Will a work guarantee scheme help asylum seekers?

On Friday last week, Steve Kneale wrote about asylum seekers and work. Currently asylum seekers are legally forbidden from taking on paid work during what often turns out to be a lengthy process. During that time they are provided with Home Office accommodation and a very minimal allowance.  Many of us find this grievous.  Here we have people who often want to work but are not allowed to. I find this grievous for three reasons.

  1. Biblically we are called to have a concern for the poor among us to ensure that they are provided for.
  2. The Bible also talks about love and care for the foreigner or sojourner living in our midst
  3. The Bible also instructs us to see and encourage work as a good thing.

A good example of this working out in practice is the gleaning laws being followed in Ruth which enabled a migrant to arrive in the land of Israel, to be active doing something useful and so to provide for her family. In my opinion, asylum seekers should be allowed to work.

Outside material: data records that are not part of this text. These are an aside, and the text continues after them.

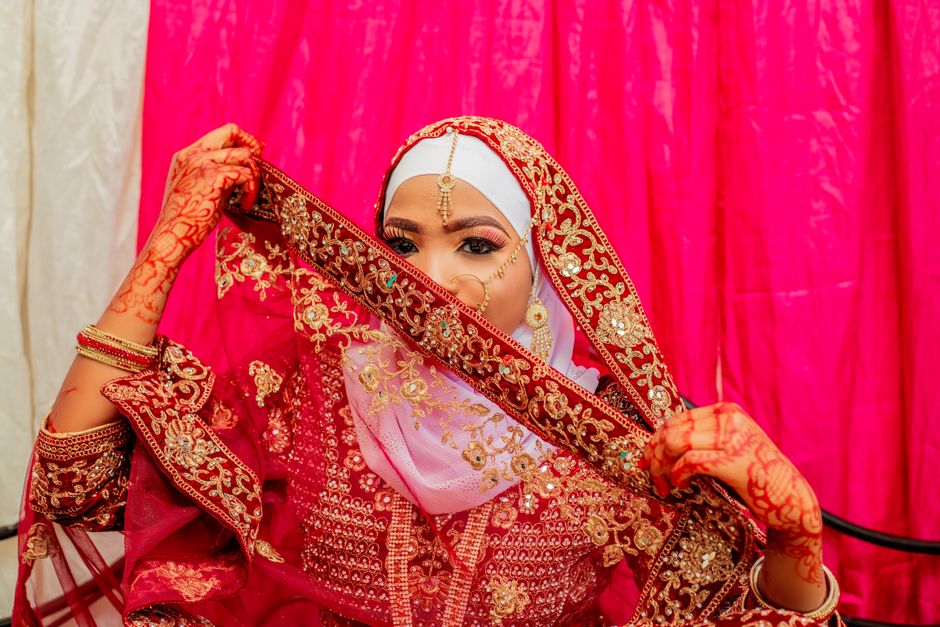 Machiaj arab în salonul Arabic Style
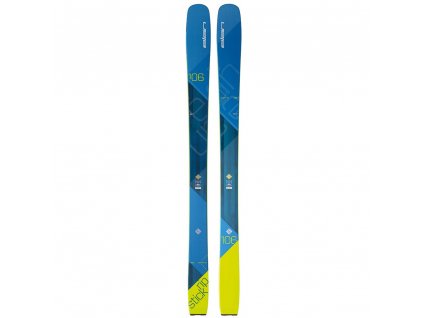 elan ripstick 106 alpine skis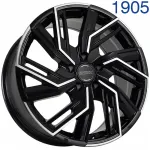 Литые диски FF KF82 (1905) R18*8.0 / 5*114.3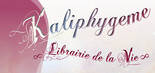 KALIPHYGEME LIBRAIRIE ESOTERIQUE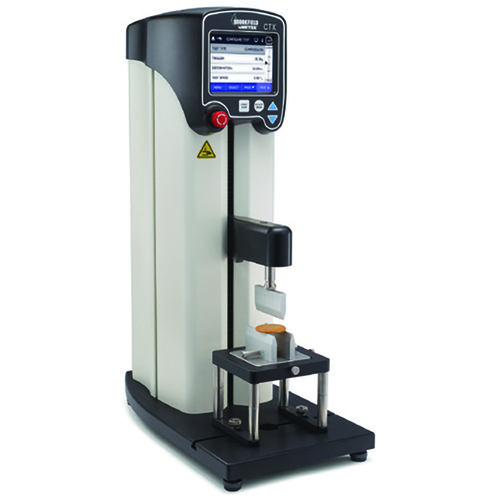 Brookfield CTX 質構分析係統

However, I disagree with Steve regarding his proposals for a Work Guarantee scheme.  This perhaps helps us to see some of the difficulties of trying to reach a Christian position on political issues and perhaps why despite the best efforts of some, there hasn’t been a successful “Christian Party” here.  It is one thing to say that Christians should have compassion for the poor and needy. I think that is fairly self-evident in Scripture. I think it is possible to argue the case Biblically for going a bit further in offering practical solutions to the issue. So, I do think that allowing asylum seekers to work is to some extent a reasonable implication and application of Scripture’s teaching. However, we are starting to push the limits there and I can understand the argument that it is best to wait until they have a legitimate claim to stay.

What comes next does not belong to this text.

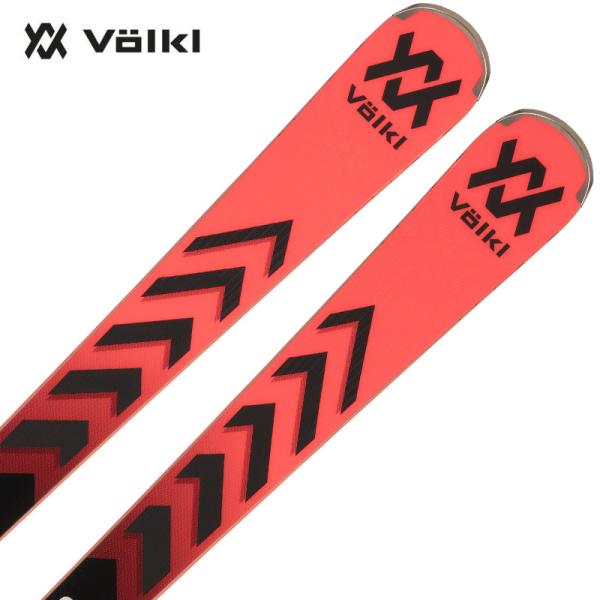 VOLKL フォルクル スキー 板 メンズ レディース 2024 RACETIGER GS MAST...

However, when we move beyond that, we move into specifics and mechanics and that’s where there is plenty of room for disagreement. To be clear and for the record here, Steve is not arguing in his blog piece that we must agree with his solution as Christians. He has put forward a suggestion which he has an opinion on about an issue that he cares passionately about. We are free to either agree with him or disagree with him on this. It’s important then for me to say here that pastors should be free to have opinions on the issues of the day and to share them.  I have to say this because there are some who think that all we should ever talk about on our blogs are obviously theological and Gospel issues.

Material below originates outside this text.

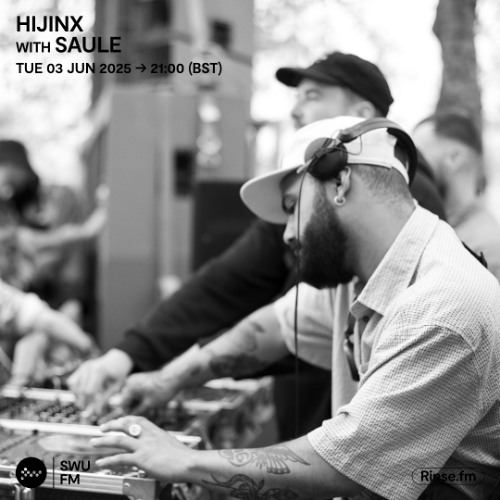 HIJINX with Saule - 03 June 2025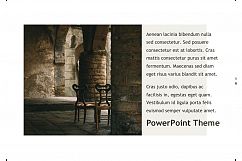 Exhibit PowerPoint Template Product Image 19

Actually, I think it is a good thing that pastors on their blogs give an example of how to graciously engage with public issues. We are not compelled to agree with them because they are pastors and I doubt that anyone is going to be swayed by either Steve or me on how we resolve the fuel crisis, whether there should be a job crisis or whether there should be a fourth lockdown because we are pastors. They will weigh up our actual arguments accordingly.

However, things can go the other way and people can associate this or that party with a more Christian position. We can assume that certain moral issues like abortion are the domain of the right and I’ve heard people argue that we must therefore support right leaning parties. Such a view is particularly strong in the US with regards to support for Republicans.  Meanwhile others have argued that a concern for the poor is a left-wing thing and Christians cannot therefore in good conscience vote Tory and must vote Labour.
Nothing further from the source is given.